__Problem description__. What you return should match the listing exactly, minus its images.

__Recorded information__.
====
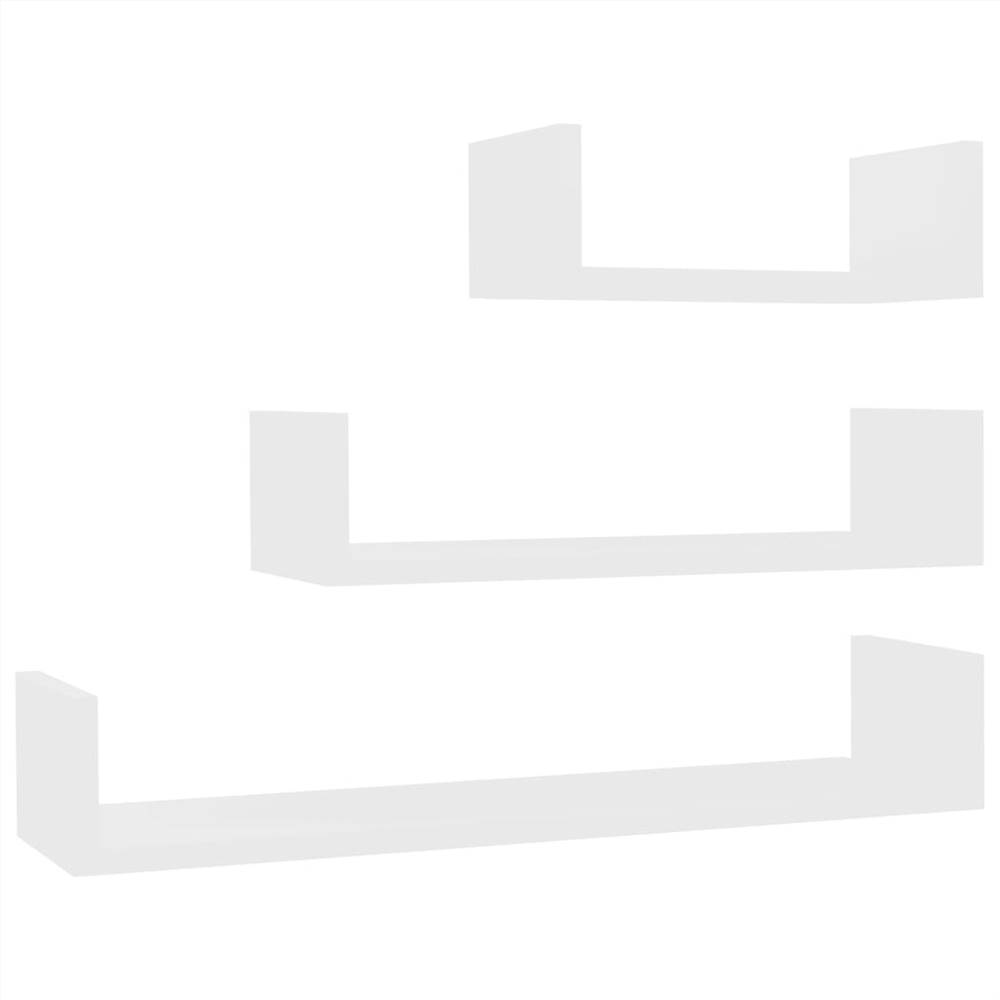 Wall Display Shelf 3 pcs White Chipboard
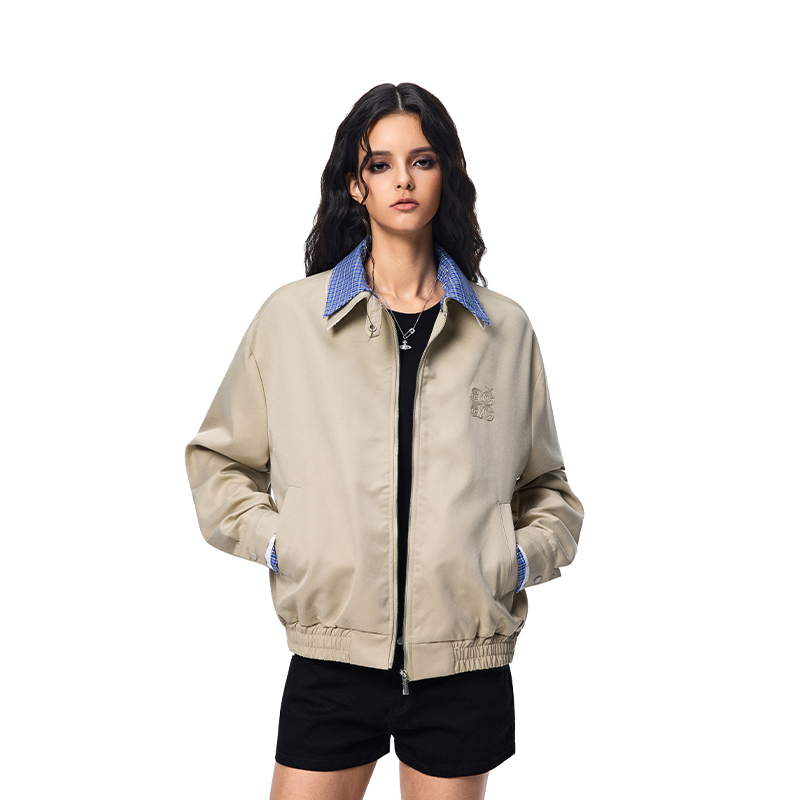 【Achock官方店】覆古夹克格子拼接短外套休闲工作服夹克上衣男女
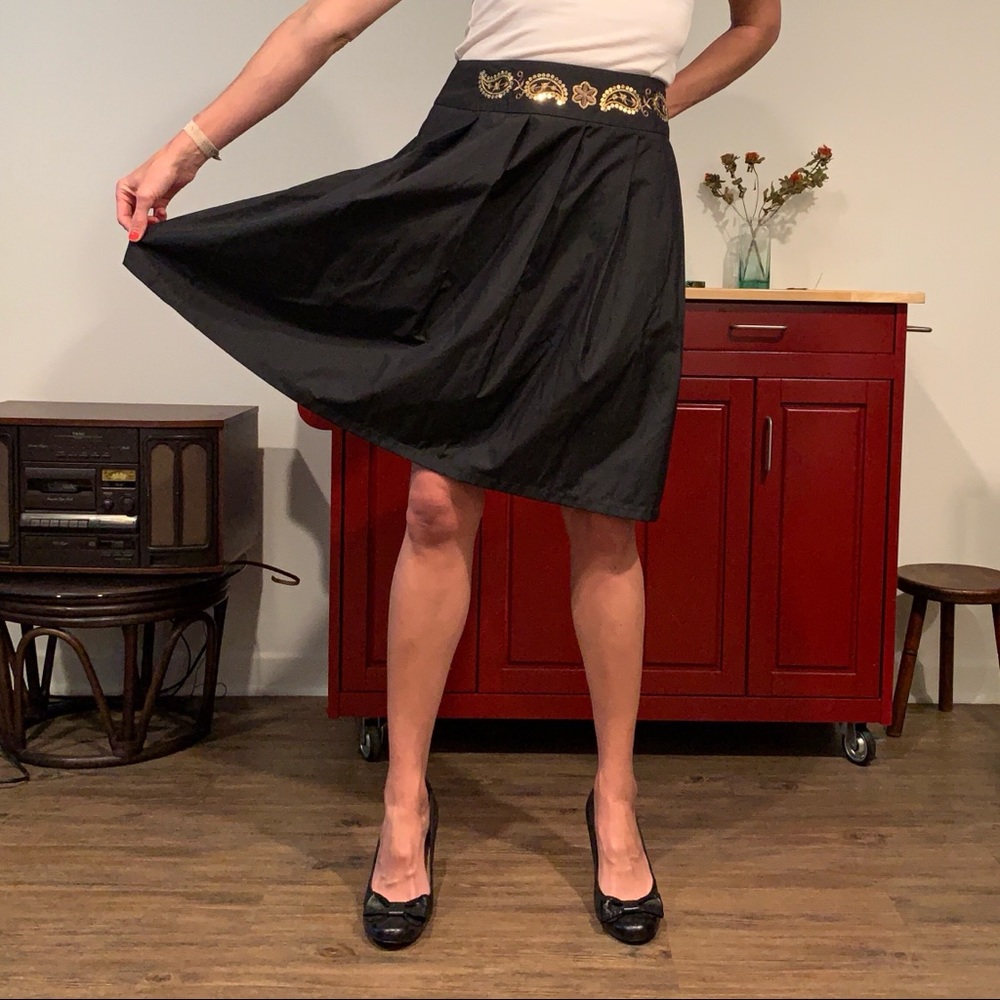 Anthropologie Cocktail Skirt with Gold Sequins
====
__Worked solution__.
 Wall Display Shelf 3 pcs White Chipboard
 【Achock官方店】覆古夹克格子拼接短外套休闲工作服夹克上衣男女
 Anthropologie Cocktail Skirt with Gold Sequins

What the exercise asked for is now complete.